Fr. José Ignacio Cienfuegos Arteaga (October 1, 1762 – November 8, 1847) was a Chilean priest, Roman Catholic bishop of Concepción and political figure. He served twice as President of the Senate of Chile.

Cienfuegos was born in Santiago, the son of Francisco Cienfuegos and of Josefa Arteaga Martínez. He studied Theology at the Universidad Real de San Felipe and was later ordained as a priest in 1778. Cienfuegos became a Dominican friar and in 1790 was named priest of Talca, where he worked for 23 years. As such, he actively participated in the independence movement in Chile.

On October 9, 1813, he became a member of the Government Junta. During his term the junta adopted the national flag, founded the National institute of science and numerous primary schools throughout the country. In March 1814, Cienfuegos was elected titular member of the Consultive Senate of Chile. In 1814, after the battle of Rancagua, General Mariano Osorio deported him to the Juan Fernández Islands, where he remained for two years. He was allowed to return after the battle of Chacabuco in 1817. He was named administrator of the Santiago Cathedral in 1818 and participated in the formulation of the 1818 constitution. He was a member and President of the Conservative Senate of Chile between 1818 and 1820.

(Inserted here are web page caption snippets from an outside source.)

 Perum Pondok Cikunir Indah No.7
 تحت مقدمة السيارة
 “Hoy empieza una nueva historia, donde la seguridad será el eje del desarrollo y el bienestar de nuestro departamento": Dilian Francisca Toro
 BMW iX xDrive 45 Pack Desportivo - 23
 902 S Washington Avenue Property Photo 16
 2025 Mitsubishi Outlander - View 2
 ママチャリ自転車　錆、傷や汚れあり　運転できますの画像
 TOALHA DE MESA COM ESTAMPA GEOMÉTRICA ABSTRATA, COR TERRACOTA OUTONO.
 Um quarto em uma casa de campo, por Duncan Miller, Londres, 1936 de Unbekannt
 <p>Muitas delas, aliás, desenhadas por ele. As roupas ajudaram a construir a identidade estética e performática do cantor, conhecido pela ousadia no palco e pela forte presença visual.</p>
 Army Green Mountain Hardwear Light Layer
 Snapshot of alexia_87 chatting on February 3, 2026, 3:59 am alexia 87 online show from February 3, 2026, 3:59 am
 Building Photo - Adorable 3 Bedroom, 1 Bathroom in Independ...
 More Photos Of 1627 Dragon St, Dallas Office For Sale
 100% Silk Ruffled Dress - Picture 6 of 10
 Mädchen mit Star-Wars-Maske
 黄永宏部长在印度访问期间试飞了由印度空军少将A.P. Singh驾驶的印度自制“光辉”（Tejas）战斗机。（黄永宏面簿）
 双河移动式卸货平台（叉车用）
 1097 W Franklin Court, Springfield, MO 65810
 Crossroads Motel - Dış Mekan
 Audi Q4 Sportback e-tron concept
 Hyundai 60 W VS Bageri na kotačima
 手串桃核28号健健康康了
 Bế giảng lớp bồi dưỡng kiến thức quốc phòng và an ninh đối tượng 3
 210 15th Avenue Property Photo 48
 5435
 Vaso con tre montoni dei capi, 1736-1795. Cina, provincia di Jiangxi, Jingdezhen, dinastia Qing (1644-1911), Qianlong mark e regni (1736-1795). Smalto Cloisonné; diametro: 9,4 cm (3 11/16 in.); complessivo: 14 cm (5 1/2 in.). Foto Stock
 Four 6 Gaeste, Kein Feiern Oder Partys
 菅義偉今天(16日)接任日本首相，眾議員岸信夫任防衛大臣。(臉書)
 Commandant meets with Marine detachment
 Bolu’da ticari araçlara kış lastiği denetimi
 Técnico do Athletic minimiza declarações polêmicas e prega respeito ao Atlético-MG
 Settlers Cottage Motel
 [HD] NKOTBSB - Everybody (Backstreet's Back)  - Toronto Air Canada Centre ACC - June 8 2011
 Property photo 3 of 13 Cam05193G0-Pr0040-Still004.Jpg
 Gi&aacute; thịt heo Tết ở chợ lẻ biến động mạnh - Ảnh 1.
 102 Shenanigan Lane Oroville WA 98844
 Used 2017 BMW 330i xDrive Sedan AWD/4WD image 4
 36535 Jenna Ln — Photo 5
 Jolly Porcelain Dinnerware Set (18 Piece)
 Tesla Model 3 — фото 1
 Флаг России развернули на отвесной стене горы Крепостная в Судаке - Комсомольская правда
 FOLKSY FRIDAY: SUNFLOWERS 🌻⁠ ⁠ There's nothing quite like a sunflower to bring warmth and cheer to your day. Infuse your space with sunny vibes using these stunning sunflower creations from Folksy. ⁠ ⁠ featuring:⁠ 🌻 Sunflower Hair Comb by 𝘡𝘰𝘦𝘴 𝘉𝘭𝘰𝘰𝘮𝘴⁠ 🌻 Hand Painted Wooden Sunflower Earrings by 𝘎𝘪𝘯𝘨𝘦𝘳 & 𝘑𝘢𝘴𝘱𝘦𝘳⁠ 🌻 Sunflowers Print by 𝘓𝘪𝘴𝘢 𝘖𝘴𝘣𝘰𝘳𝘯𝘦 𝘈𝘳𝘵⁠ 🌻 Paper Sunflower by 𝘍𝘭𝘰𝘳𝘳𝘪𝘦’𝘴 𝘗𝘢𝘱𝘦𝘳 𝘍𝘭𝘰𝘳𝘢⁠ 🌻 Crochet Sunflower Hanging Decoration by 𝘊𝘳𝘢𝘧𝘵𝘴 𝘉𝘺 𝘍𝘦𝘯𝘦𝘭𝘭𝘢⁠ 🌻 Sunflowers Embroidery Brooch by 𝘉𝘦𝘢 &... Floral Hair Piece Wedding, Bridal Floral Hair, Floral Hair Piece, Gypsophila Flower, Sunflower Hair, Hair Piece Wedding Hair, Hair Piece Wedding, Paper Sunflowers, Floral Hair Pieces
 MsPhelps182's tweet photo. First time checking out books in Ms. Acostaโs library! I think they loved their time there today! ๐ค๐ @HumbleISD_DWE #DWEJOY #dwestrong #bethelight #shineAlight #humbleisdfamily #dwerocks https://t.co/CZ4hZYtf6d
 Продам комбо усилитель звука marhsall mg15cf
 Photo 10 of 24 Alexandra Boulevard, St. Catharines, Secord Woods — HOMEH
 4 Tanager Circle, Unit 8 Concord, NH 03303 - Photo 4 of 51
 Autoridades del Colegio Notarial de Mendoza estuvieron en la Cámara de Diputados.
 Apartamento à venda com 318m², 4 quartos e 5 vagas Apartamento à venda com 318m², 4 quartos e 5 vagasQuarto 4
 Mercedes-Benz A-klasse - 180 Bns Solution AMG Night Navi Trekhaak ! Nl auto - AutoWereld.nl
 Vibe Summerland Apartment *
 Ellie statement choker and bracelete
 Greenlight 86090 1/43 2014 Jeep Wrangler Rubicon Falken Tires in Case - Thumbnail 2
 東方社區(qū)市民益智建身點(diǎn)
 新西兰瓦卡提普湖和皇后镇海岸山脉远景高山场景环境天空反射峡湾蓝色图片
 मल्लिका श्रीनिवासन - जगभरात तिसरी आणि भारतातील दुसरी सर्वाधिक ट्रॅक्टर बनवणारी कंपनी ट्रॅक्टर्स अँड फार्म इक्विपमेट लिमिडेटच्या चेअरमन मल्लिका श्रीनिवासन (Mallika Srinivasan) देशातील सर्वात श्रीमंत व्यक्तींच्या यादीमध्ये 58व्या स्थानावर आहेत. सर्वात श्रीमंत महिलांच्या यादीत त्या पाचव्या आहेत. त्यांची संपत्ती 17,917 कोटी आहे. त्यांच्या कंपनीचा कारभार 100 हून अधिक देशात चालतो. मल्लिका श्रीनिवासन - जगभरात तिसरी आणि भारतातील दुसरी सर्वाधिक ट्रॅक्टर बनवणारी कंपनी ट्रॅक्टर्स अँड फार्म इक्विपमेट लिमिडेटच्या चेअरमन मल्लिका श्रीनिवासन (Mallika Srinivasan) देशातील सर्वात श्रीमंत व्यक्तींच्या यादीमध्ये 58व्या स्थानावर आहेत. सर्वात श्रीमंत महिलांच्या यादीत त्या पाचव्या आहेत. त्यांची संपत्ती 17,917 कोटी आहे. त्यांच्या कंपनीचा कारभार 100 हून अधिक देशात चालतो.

In 1821, Cienfuegos was sent to Rome as ambassador to try to negotiate the recognition of the Chilean independence. He returned to Chile in 1824 and became the Apostolic Administrator of the Santiago diocese while at the same time being one of the principal promoters of the Federalist attempt in Chile. In 1825 he became the President of the Provincial Assembly of Santiago and in 1826 participated in the constitutional congress as a deputy for Talca. Cienfuegos was returned as ambassador to the Holy See, where he was named titular Titular bishop of Retimo on December 15, 1828. He was elected Senator for Concepción on 1831, and again became President of the Conservative Senate of Chile between 1831 and 1834. On December 17, 1832, was named Bishop of Concepción.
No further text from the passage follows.